Burger King Rebels Against Obama Administration: Tax Evasion or Smart Thinking?

The King Of Burgers is Changing Kingdoms

The restaurant chain known as “Burger King” may be renouncing its American citizenship and moving to Canada, and it’s all in direct rebellion of the White House and policies of the Obama Administration.

According to a report from the Huffington Post, “Burger King’s plan to scurry across the Canadian border to avoid U.S. taxes could be seen as the corporate equivalent of flipping President Barack Obama the bird. The White House vowed earlier this month to use an executive order to curb tax inversions, or deals in which U.S. companies buy smaller foreign firms in countries with lower taxes, then renounce their U.S. corporate citizenship and re-incorporate in that country. Still, Burger King said late Sunday night that it was in talks to merge with Tim Hortons, Canada’s popular bakery and coffee chain. The new, combined company would be headquartered in Canada.”

Burger King Canada

A Presidential Challenge?

This move could be seen as a challenge by Burger King, calling Obama’s bluff on his threat to use executive order to stop companies from moving to other countries in order to avoid the huge taxes that the US has. It is also possible that Burger King fully believes that Obama will sign the executive order, and is moving quickly to avoid being caught in that trap. Either way, Burger King isn’t alone. In the last two years, as many as twenty-one American companies have chosen to leave the country in order to get a tax break. Since the early 80s, as many as seventy Americans companies have fled the border. The top corporate tax in the US is 39.1%, according to the Washington Post. It is the highest of any country. Japan comes in second at 37%, while Ireland is last at only 12.5%. Canada sits at 26.3%.

Shares Spike After Talks of Merger

The Chicago Tribune explains, “The deal would be structured as a tax inversion, which could see a more favorable treatment for Burger King’s foreign profits and create the third-largest global quick-service restaurant player .” The Tribune also reports that both Tim Horton’s and Burger King have enjoyed spikes in their shares after the news got out that they were in talks about a merger. On the New York Stock exchange, Tim Horton’s shares were up almost 20%, and Burger Kings were up over 17%.

Many Frown on the King for Jumping Ship

Not everyone is happy about Burger King skipping town. According to The Blaze, White House Press Secretary Josh Earnest stated, “The president doesn’t believe that a company simply switching their citizenship to avoid paying their fair share in U.S. taxes is good policy. It certainly isn’t fair to the millions of middle class families in this country that don’t have that option. The reason it’s not fair – again – not speaking about any transaction [in particular] – the reason it’s not fair that companies that would consider an inversion continue to benefit from all of the resources of the United States, the United States government and other assets that are funded by taxpayer dollars. So companies that are based in the U.S. continue to benefit from the infrastructure that we have in this country.” Some citizens agree.

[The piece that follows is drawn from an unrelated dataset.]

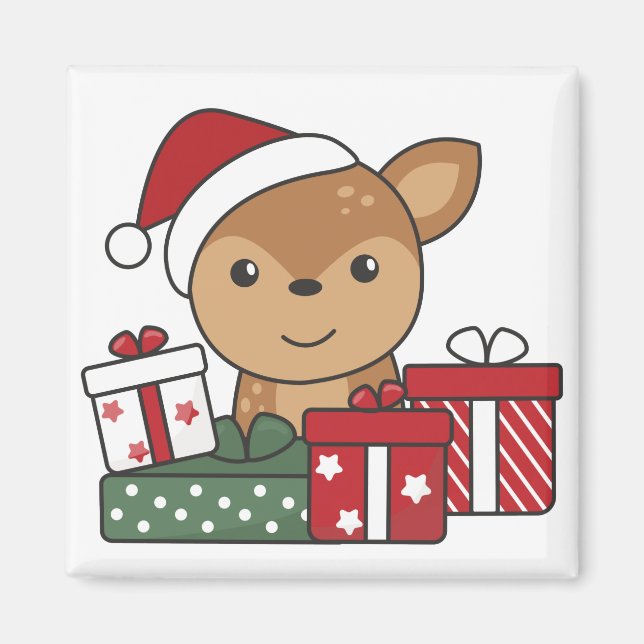 Imán Navidades de ciervos regalan animales de invierno  (Frente)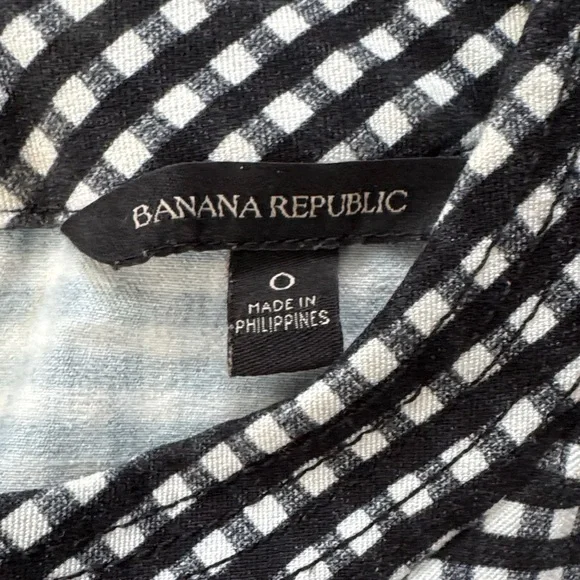 EUC Banana Republic Black and White Patterned Midi Dress - Picture 2 of 6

Not only is the Obama Administration in a tizzy, but Burger King is also facing flack from the public over its decision. As Huffington Post explains,”Burger King is getting whopped over its plan to avoid U.S. taxes by fleeing to Canada. People flooded the fast-food chain’s Facebook page on Monday with threats of a boycott after the company announced talks to merge with Canadian coffee and doughnut chain Tim Hortons. ‘Move to Canada to avoid paying taxes and I will never darken the door of a Burger King again,’ Mike Gee, of Magnolia, Arkansas, wrote in a comment. ‘Does corporate greed in this country ever end?'” Burger King is not alone.

Walgreens Backs Out to Appease Public

In April, Walgreens was thinking of relocating to Europe to avoid the burden of US taxes. Public outcry was so loud, however, that the CEO decided leaving was not in the company’s best interest. According to the Chicago Tribune “Walgreen’s decision to maintain its tax domicile in the United States ends months of speculation and a steady drumbeat of criticism of the company from activists, unions and politicians, including President Barack Obama, for considering moving its headquarters overseas. Public backlash to Walgreen weighing reincorporating either in the United Kingdom or Switzerland played a role in its decision to remain in the U.S., Walgreen said.”

So which is it? Do you think it’s fair for corporations to leave the US in order to avoid huge taxes? Or do you see it as a triumphant way for them to get back at a government gone bad? Is this the Boston Tea party, only bigger? You decide. Comments welcome below.